Woman kills another for witchcraft after balls of flaming fire entered home

Mrs. Waldman accused Mrs. Cooper of being a witch after fire balls entered the Waldman’s home. The end result was that Mrs’ Waldman murdered Mrs. Cooper.

Published in 1935:

Woman Kills Another She Believes Had Put Black Magic Over Her

CLEVELAND, Oh. — For Samuel and Matilda Waldman, years of worry over an obsession that they were being “hexed” by Mrs. Isadore Cooper, were at an end Saturday. Mrs. Cooper, with two bullet wounds in her body, was dead. The Waldmans were in jail.

Police, holding the 46-year-old Mrs. Waldman on a charge of first degree murder, said she freely admitted she fired the shots to end the spell of witchcraft which she and her husband believed Mrs. Cooper held over them.

Waldman was held for an examination of his mentality.

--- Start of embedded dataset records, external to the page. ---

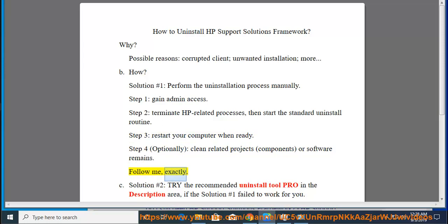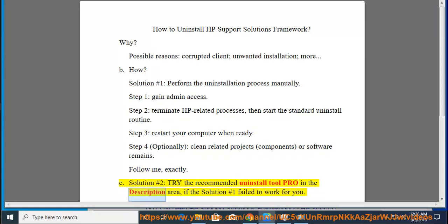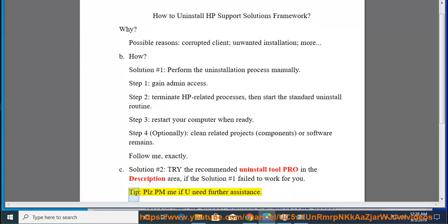See Solution number 2: Try the recommended uninstall tool linked in the description area, if Solution number 1 failed to work for you. Tip: Please PM me if you need further assistance.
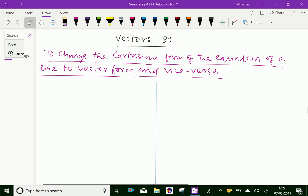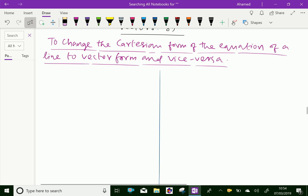Welcome to aminacademy.com. In vectors, let us discuss how to change the Cartesian form of the equation of a line to vector form and vice versa. We will first discuss Cartesian to vector form.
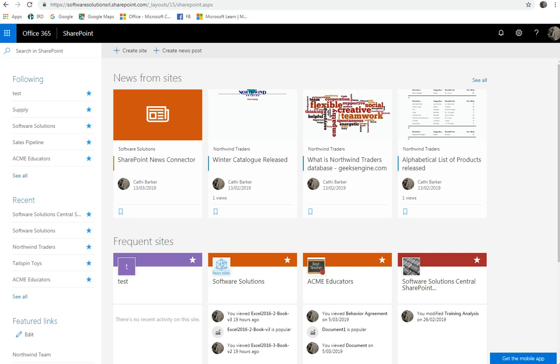Welcome to a series of videos by Software Solutions. My name is Kathy Barker. You're watching this video because you're interested in SharePoint Online. So what is SharePoint Online?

He was in the office of Police Prosecutor William H. Echneider at the time of the slaying Friday, protesting to the prosecutor and Cooper that Cooper’s wife, Ida, was practicing “fire magic and black magic” against him and his wife.

Waldman told the official that “at night, balls of flaming fire would come rolling into our house, strike us on the legs and roll up our chests and heads.”

He exhibited scars which he said were caused by the “balls of fire.”

Mrs. Cooper, 50, was shot while at work in her delicatessen store. A moment later, two passersby seized and held Mrs. Waldman until detectives arrived. Then she told her story to the officers and newspapermen.

“At 2 p.m., I lay down on the bed and some power told me I was in great danger, so I got my husband’s gun and went to the Cooper store,” she said.

“I’m Waldman’s wife,” I told Mrs. Cooper.

“Oh, yes, you’re the wife of the fellow who thinks I’ve put the witch on him,” Mrs. Waldman said Mrs. Cooper replied.

Mrs. Waldman said she then fired three shots as Mrs. Cooper came toward her.

“I feel better now,” police Sergeant Stephen Tozzer said Mrs. Waldman added at the end of her story. “I’m rejuvenated.”

Tozzer said Mrs. Waldman earlier had attempted unsuccessfully to get Mrs. Cooper to sign a note “releasing” the Waldmans from witchcraft.